両親殺害の19歳の長男に懲役24年の判決 佐賀地裁

ことし3月、佐賀県鳥栖市の住宅で両親を殺害したとして殺人の罪に問われた19歳の長男に対し、佐賀地方裁判所は「父親の虐待行為によって追い詰められたことについては同情すべき部分があるが、計画的で強い殺意に基づいた犯行で、長期間の実刑をもって臨むほかない」として、懲役24年の判決を言い渡しました。

19歳の被告は、九州大学の学生だったことし3月、佐賀県鳥栖市の実家で、50代の父親と40代の母親をナイフで刺すなどして殺害したとして殺人の罪に問われました。

これまでの裁判員裁判で、検察は「2人の命を奪った反社会性は著しい」と懲役28年を求刑した一方、弁護側は「事件は成績をめぐって父親から継続的に教育虐待と身体的・心理的虐待を受けた結果だった」として、保護処分か懲役5年が相当だと主張していました。

15日の判決で、佐賀地方裁判所の岡崎忠之裁判長はまず、争点となった母親に対する殺意について、「ナイフで4か所もの致命傷を負わせているうえ、その後も救命措置を行っておらず、殺意があったことは十分認定できる」としました。

そのうえで「少年院に収容した場合、その期間は長くて3年で、肉親を手にかけた罪の重さに向き合う期間として不十分であり、保護処分による更生の可能性は乏しい」と述べました。

そして「幼少期から父親の心理的・身体的な虐待を受けたことが殺害の決意に影響していて、殺害しようと考えるまで追い詰められたことについては同情すべき部分があるが、計画的で強い殺意に基づいた犯行だ。母親を巻き添えにした動機や経緯も身勝手で自己中心的であり、相当、長期間の実刑をもって臨むほかない」として、懲役24年を言い渡しました。

裁判長 “罪の重さに改めて向き合い 深く考えるための期間に”

判決を言い渡したあと、岡崎裁判長は「懲役24年は決して短い期間ではないと思いますが、両親を手にかけた罪の重さに改めて向き合い、深く考えるための期間にしてもらいたい」と述べました。

そのうえで、裁判の中で長男が、この先の人生について「消化試合」と述べたことに言及し「あなたがそのような気持ちで生きていくことは、あなたのことを思ってくれる妹や親族だけでなく、亡くなったお父さんやお母さんも望まれていないはずです。

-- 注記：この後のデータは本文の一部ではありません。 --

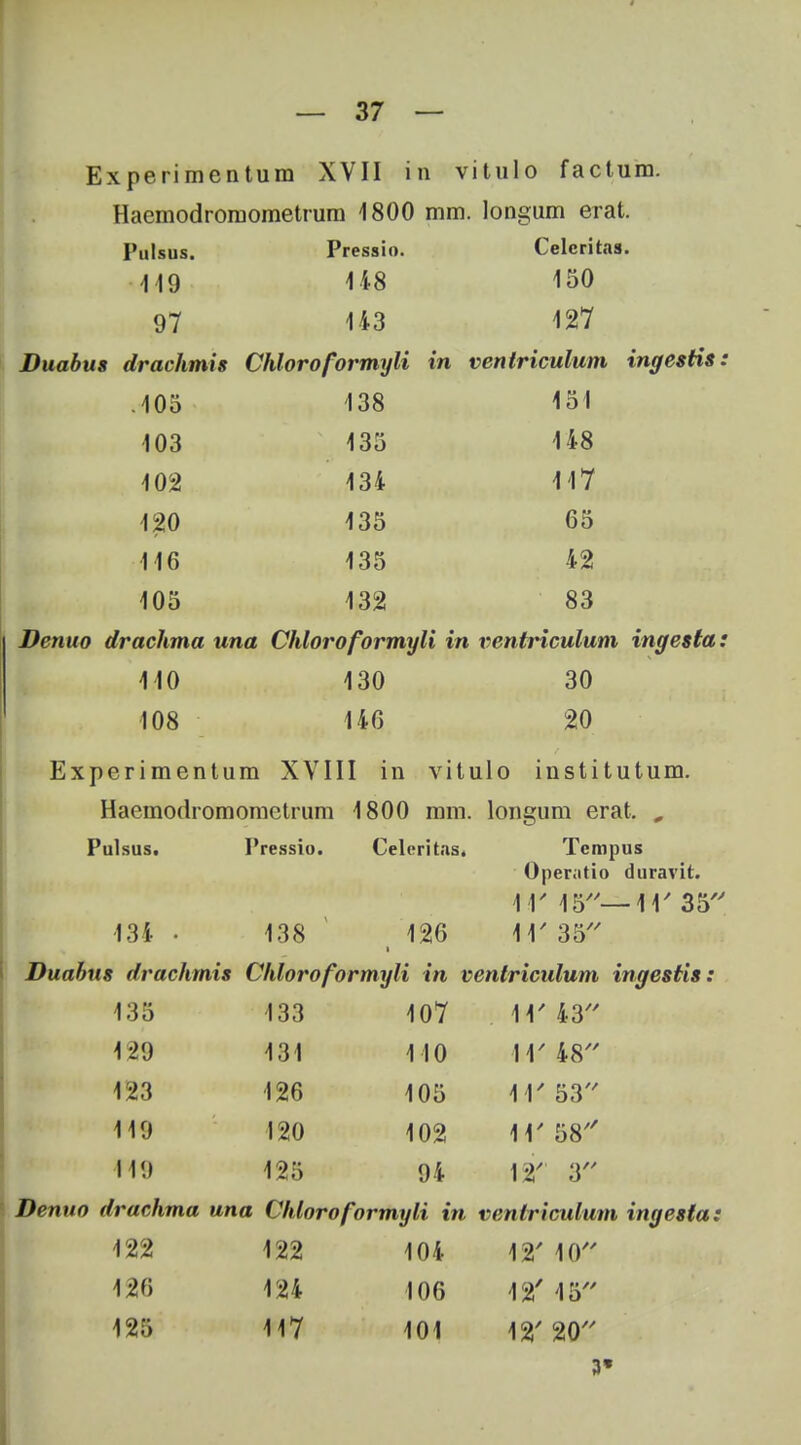 Experimentum XVII tn vitulo factum. Haemodromometrum 1800 mm. longum erat. Pulsus. Pressio. Celcritas. 149 148 150 97 143 127 Duabus drachmis Chloroformyli in ventriculum ingestis: .105 138 151 103 135 148 102 134 117 120 135 65 116 135 42 105 132 83 Denuo drachma una Chloroformyli in ventriculum ingesta: 110 130 30 108 146 20 Experimentum XVIII in vitulo institutum. Hacmodromometrum 1800 mm. longum erat. , Pulsus. Pressio. Celeritas, Tempus Openitio duravit. 1 r 15— ir 35 134 138 126 11' 35 i Duabus drachmis Chloroformyli in venlriculum ingestis: 135 133 107 ir 43 129 131 110 ir 48 m 126 105 1T 53 119 120 102 ir 58 1 I!» 125 94 12' 3 Denuo drachma una Chloroformyli in ventriculum ingesta: 122 122 104 12' 10 126 124 106 12' 15 125 117 101 12' 20 3'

いつかあなたが人生の目標を持って生きられるようになってもらいたい。それが事件を担当した裁判員と裁判官の心からの願いです」と諭しました。

検事 “おおむね適切な判決”

判決について、佐賀地方検察庁の千代延博晃次席検事は「おおむね適切な判決であると受け止めている」としています。

弁護士 “本人や親族の意向踏まえ 控訴するか決めたい”

判決について、松田直弁護士は「こちらの主張が受け入れられず厳しい判決だったと思う。判決内容をよく検討し、本人や親族の意向を踏まえたうえで控訴するかどうか決めたい」と話しています。

両親の親族 “重い刑科す必要あるのか”

殺害された両親の親族は、長男の早期の社会復帰を望んでいました。

判決について、親族は弁護士を通じてコメントを発表し、この中で「到底受け入れられるような内容ではありません。長年、父親からの虐待に苦しんだ末の思い詰めた結果だということを、もっと重視してほしかったです。家族間の殺人は同じような事件の再犯率が極めて低いと聞いているので、ここまで重い刑を科す必要があるのか疑問です」とつづっています。